Quebec’s incessant language war found new fuel as McGill and Concordia recently released statements criticizing the province’s strict French language requirement for granting permanent residency, which was introduced in 2013 by the Parti Québécois (PQ). The universities claim that strict rules requiring proficiency in French are making it difficult to attract foreign professors.
The Liberal Party of Quebec responded to these complaints and instituted changes in December 2014 to make it easier for candidates with doctoral degrees to gain permanent resident status by giving them more ‘points’ in the immigration process. It would not be fair or necessary to implement further changes to make it easier for foreign professors to come to Quebec. The provincial government subsidizes universities with taxpayer money. Considering that the majority of taxpayers in Quebec are French-speaking, it is safe to assume that it wouldn’t represent the majority’s wishes to allow easier immigration for non-francophones to teach in Quebec’s universities.
Many anglophones have continued to demand that the government reform language laws to make it even easier for professors to bypass the requirements, in the hopes that this would allow universities to obtain the best talents possible. However, this mandate fails to look at the issue from a wider perspective. The clear goal of the strict language standards is to protect the French language in Quebec. All Quebec institutions—including McGill and Concordia—have a lot to gain from the preservation of the native language in the long run, which is what attracts many students to Montreal and to their universities. Therefore, the regulations are best left alone.

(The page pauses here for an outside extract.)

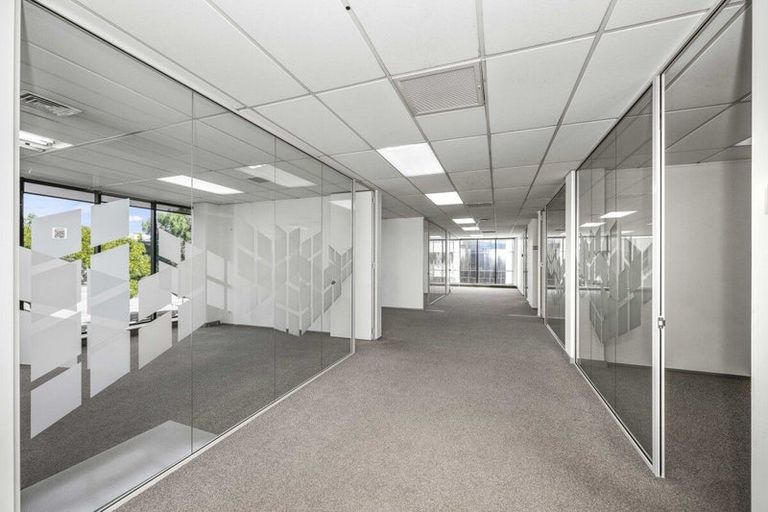 Photo of property in 101 Station Road, Kumeu, 0891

The urgency of the decline of the French language in Canada is another main factor necessitating strict language regulations. According to Statistics Canada, in 1981, 25 per cent of Canadians reported using French as the main language in their home, and in 2011, this percentage shrank to 21 per cent. While this drop is alarming enough for francophones, the truly worrisome part is that the decreasing use of French in Quebec itself is contributing to the decline rather than offsetting it. While there are many factors contributing to this decline of French in Quebec, the influx of non-French speaking immigrants constitutes a large part of the decline in French usage.
The Quebec government seeks to stop the movement away from the French language. Unless the movement away from using French is slowed, division and hostility between anglophones and francophones will reach a boiling point. According to some, political division and threats of separation are already key players behind Quebec’s poor economy. Investors and researchers do not want to put time or resources into a province that is as politically volatile as Quebec. Therefore, preserving the native language and maintaining political stability by keeping the majority happy is one way for Quebec to attract more business in the future, which will, in itself, attract more foreign workers and professors.
Furthermore, the idea of bringing in foreign professors and other workers at the cost of Quebec’s language and culture is counterproductive. Many people come to Quebec for the distinct lifestyle it offers—some even come to learn French. As McGill Principal Suzanne Fortier said in 2013, “McGill can attract the best professors and the best researchers because it attracts the best students. And we can attract the best students because they are attracted to Quebec.” Quebec’s identity is based around being the only French-speaking province in Canada, and if the language continues to get phased out, the province may not attract as many newcomers. While the strict language requirements may seem harsh, they are an efficient way to ensure the survival of the French language in Quebec, which will improve its economy and preserve its identity in the long run.